PROBLEM DETAILS »
Restate, in full and unchanged, the entries that follow, but not their pictures.
Segment Open
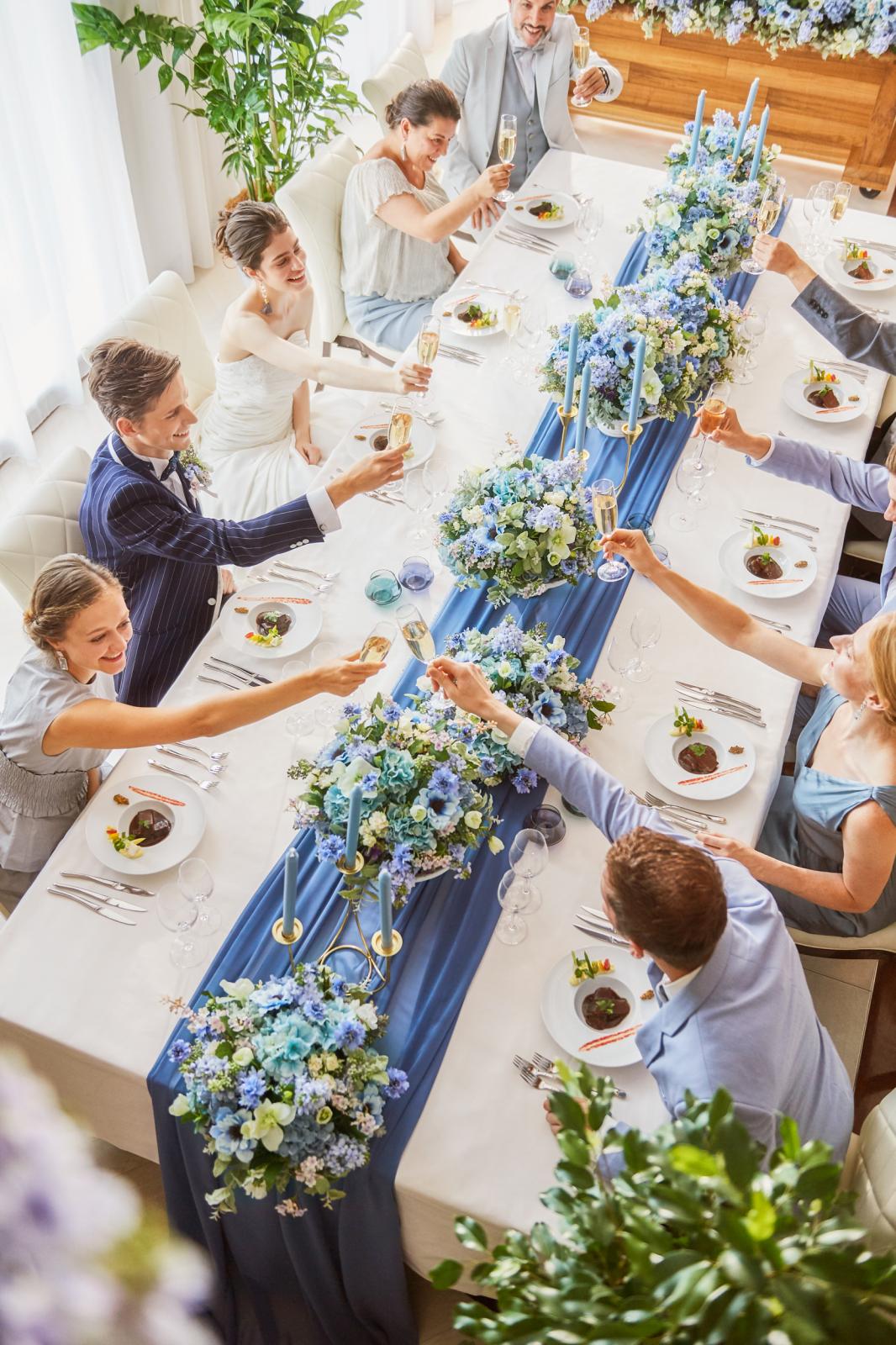 大切なゲストと同じテーブルで楽しむ、和やかなパーティを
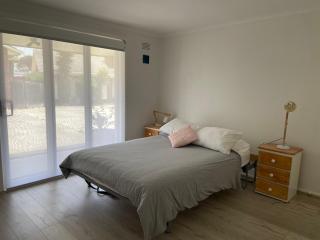 Cosy & Modern Unit 500m from Beach - Torquay - 4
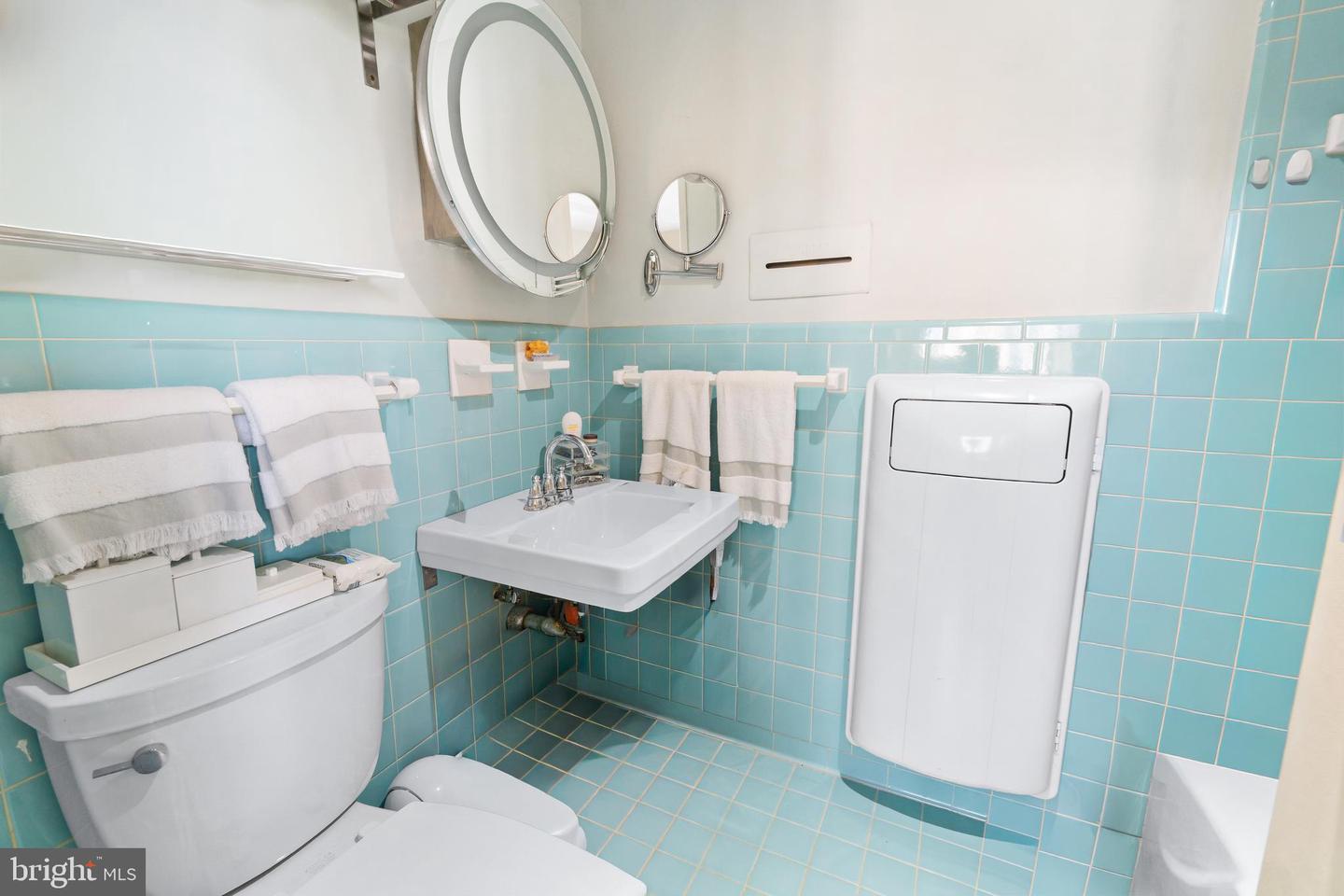 10401 Grosvenor Pl #1009 Property Photo 15
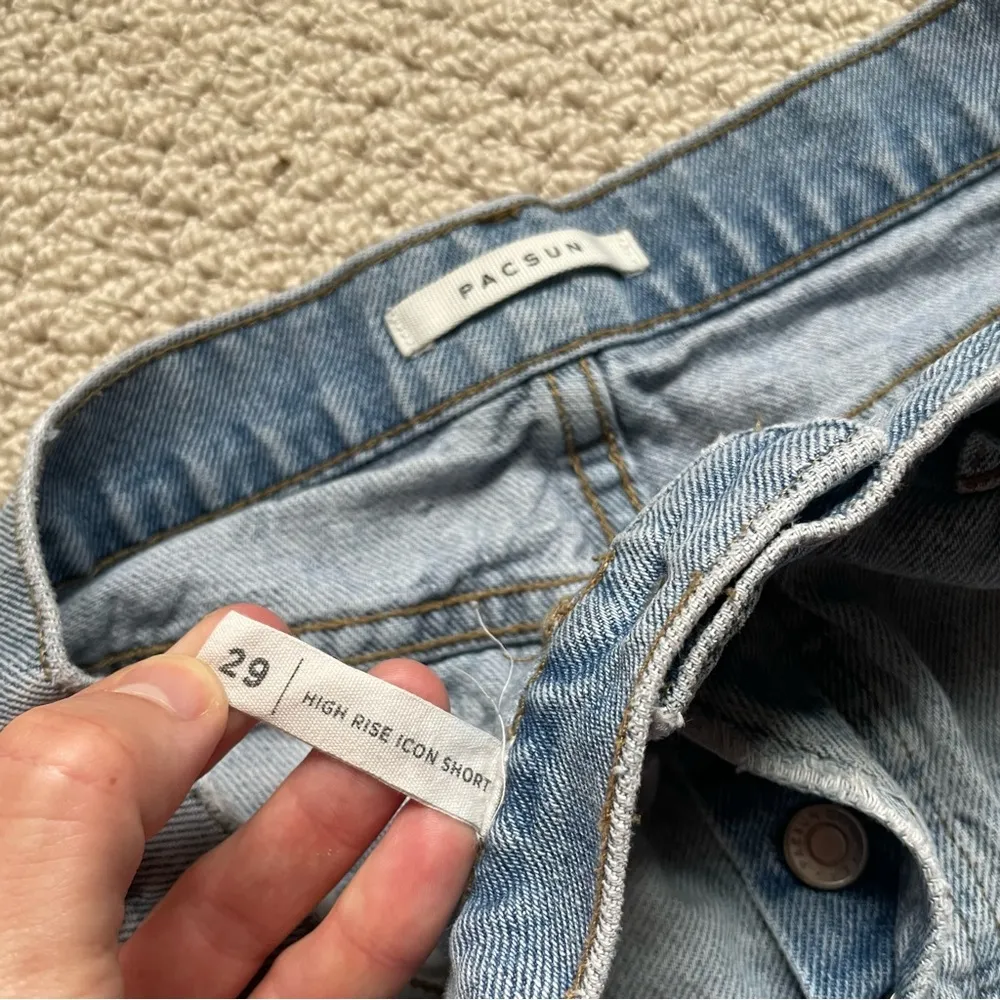 PacSun Featherweight Vintage Cotton “The Icon High Rise” Light Wash Denim Short - Image 4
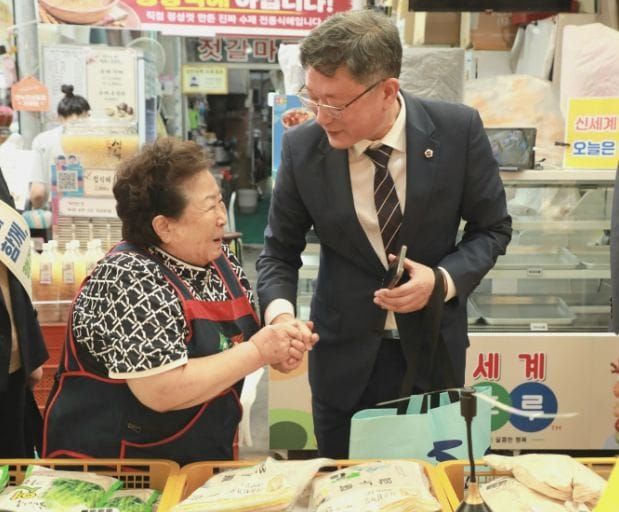 전통시장부터 국회까지… 세종시의회, 추석 맞이 민생·정책 행보 이어가 post image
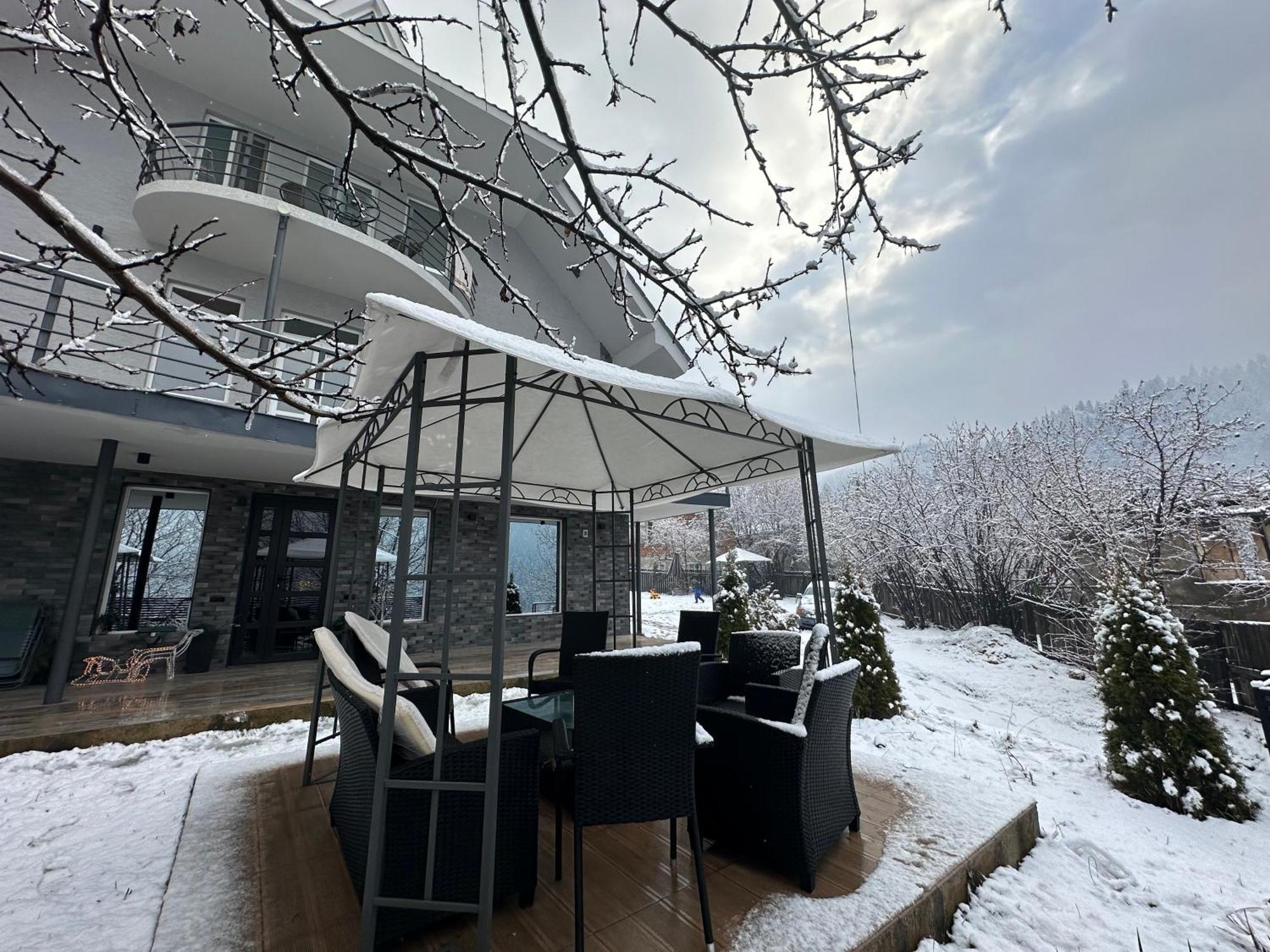Green Villa Tsaghveri 外观 照片
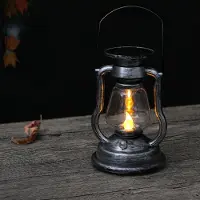 Typecat 2X Lampe à Huile Suspendue Solaire Rétro LED Lampe à Huile Scintillante Lanterne Solaire Sans Flamme éclairage de Jardin Extérieur-Or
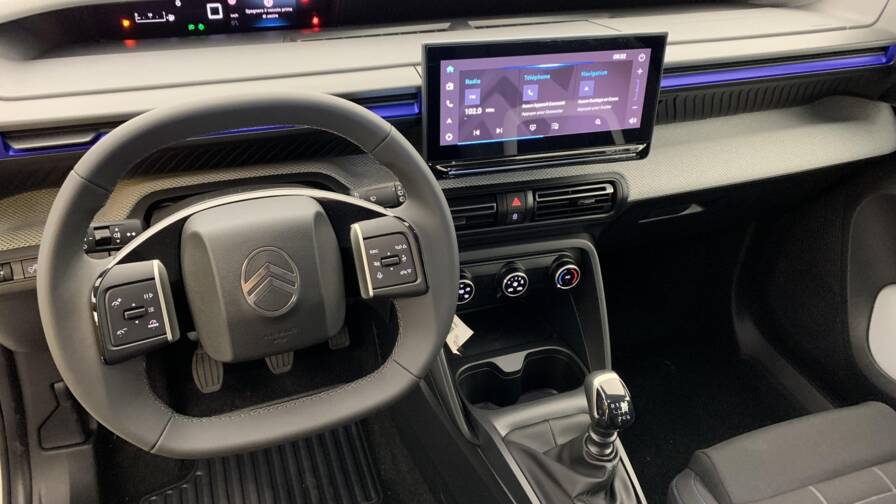 Mandataire Automobile neuf, recherche de Citroen C3-societe-nouvelle-turbo-100-bvm-pro - E-Motors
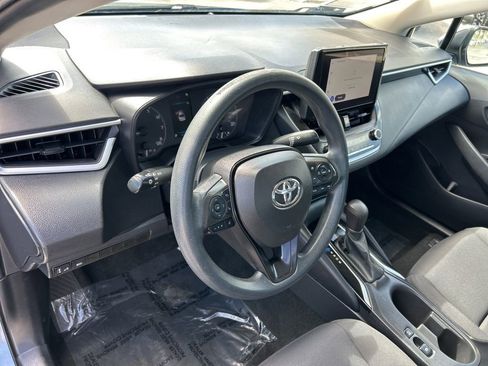 Used 2023 Toyota Corolla LE image 20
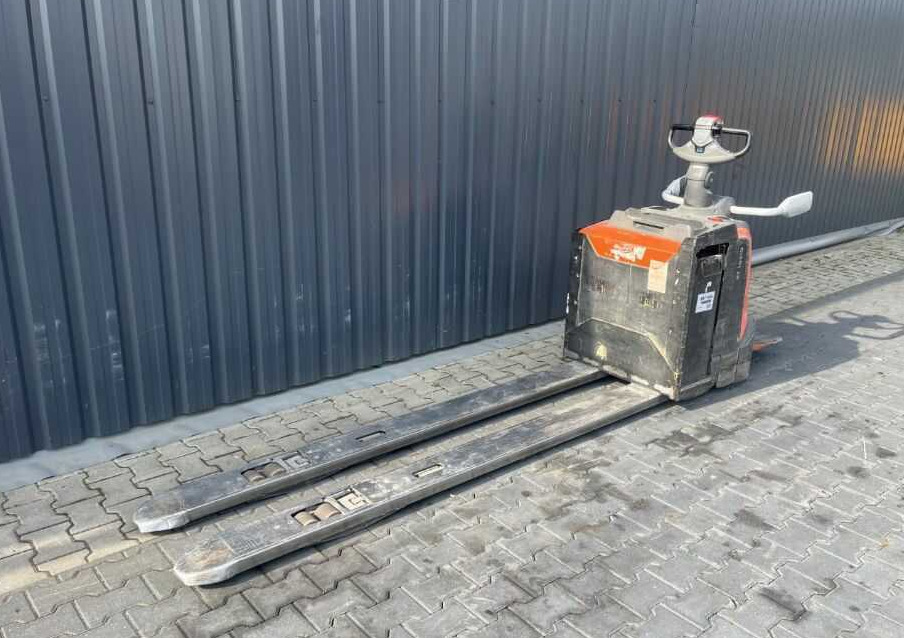 BT LPE250 - Transpaleta: foto 1 BT LPE250 - Transpaleta: foto 1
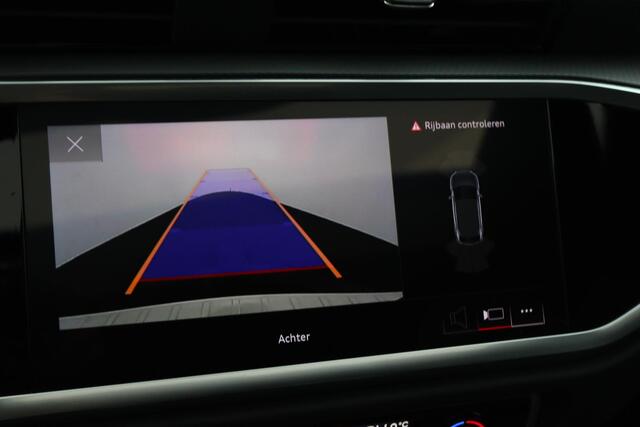 Audi Q3 Sportback 35 TFSI Pro Line | Parkeercamera | Schuif/kanteldak | Stoelverwarming | Elektrische kofferbak | Wegklapbare trekhaak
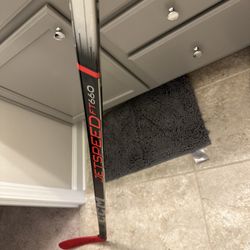 CCM JETSPEED FT660 COMPOSITE HOCKEY STICK - JUNIOR 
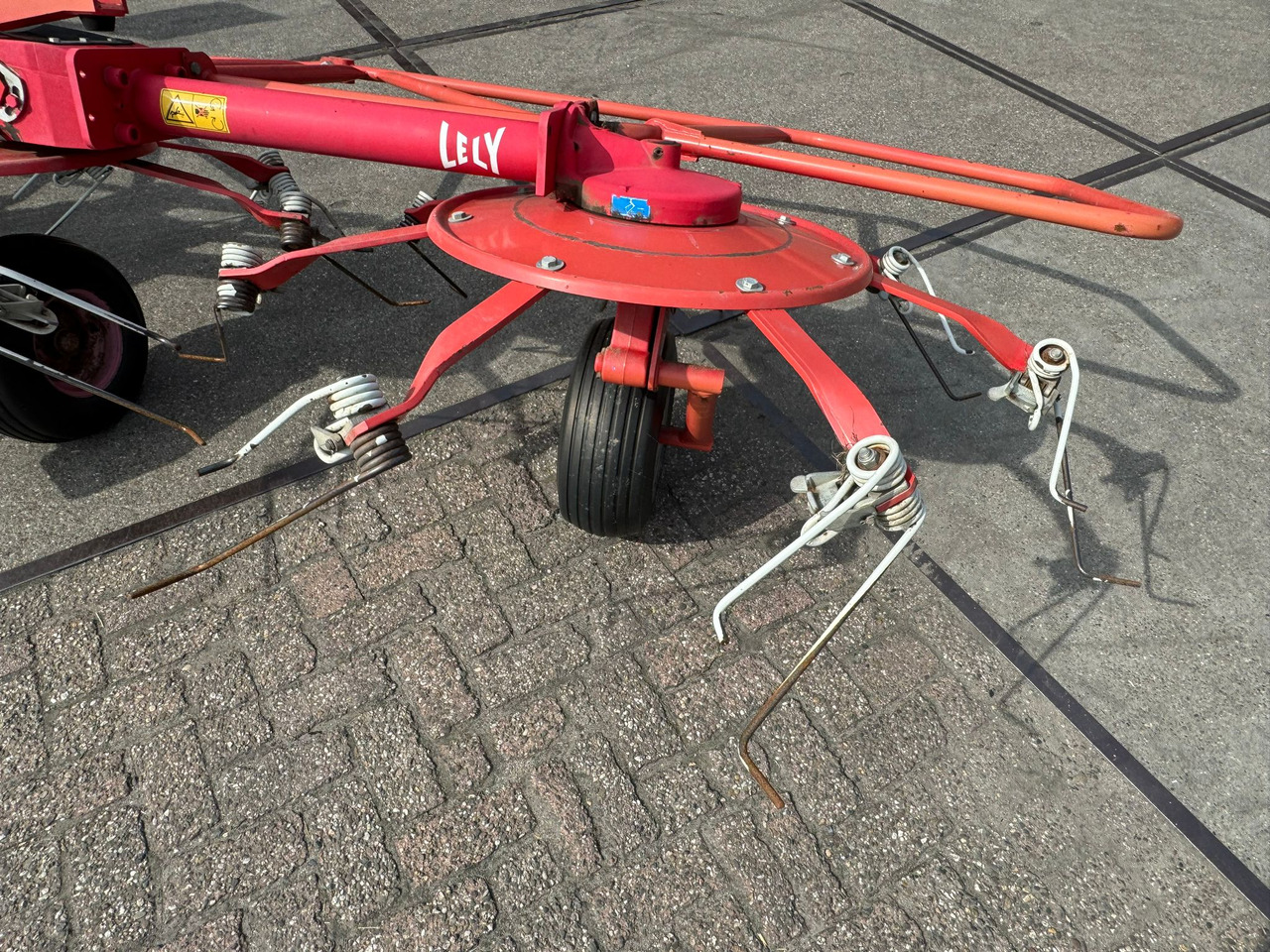Tedder/ Rake Lely Lotus 1020S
Segment Closed
SOLUTION FOR THIS PROBLEM »
 大切なゲストと同じテーブルで楽しむ、和やかなパーティを
 Cosy & Modern Unit 500m from Beach - Torquay - 4
 10401 Grosvenor Pl #1009 Property Photo 15
 PacSun Featherweight Vintage Cotton “The Icon High Rise” Light Wash Denim Short - Image 4
 전통시장부터 국회까지… 세종시의회, 추석 맞이 민생·정책 행보 이어가 post image
Green Villa Tsaghveri 外观 照片
 Typecat 2X Lampe à Huile Suspendue Solaire Rétro LED Lampe à Huile Scintillante Lanterne Solaire Sans Flamme éclairage de Jardin Extérieur-Or
 Mandataire Automobile neuf, recherche de Citroen C3-societe-nouvelle-turbo-100-bvm-pro - E-Motors
 Used 2023 Toyota Corolla LE image 20
 BT LPE250 - Transpaleta: foto 1 BT LPE250 - Transpaleta: foto 1
 Audi Q3 Sportback 35 TFSI Pro Line | Parkeercamera | Schuif/kanteldak | Stoelverwarming | Elektrische kofferbak | Wegklapbare trekhaak
 CCM JETSPEED FT660 COMPOSITE HOCKEY STICK - JUNIOR 
Tedder/ Rake Lely Lotus 1020S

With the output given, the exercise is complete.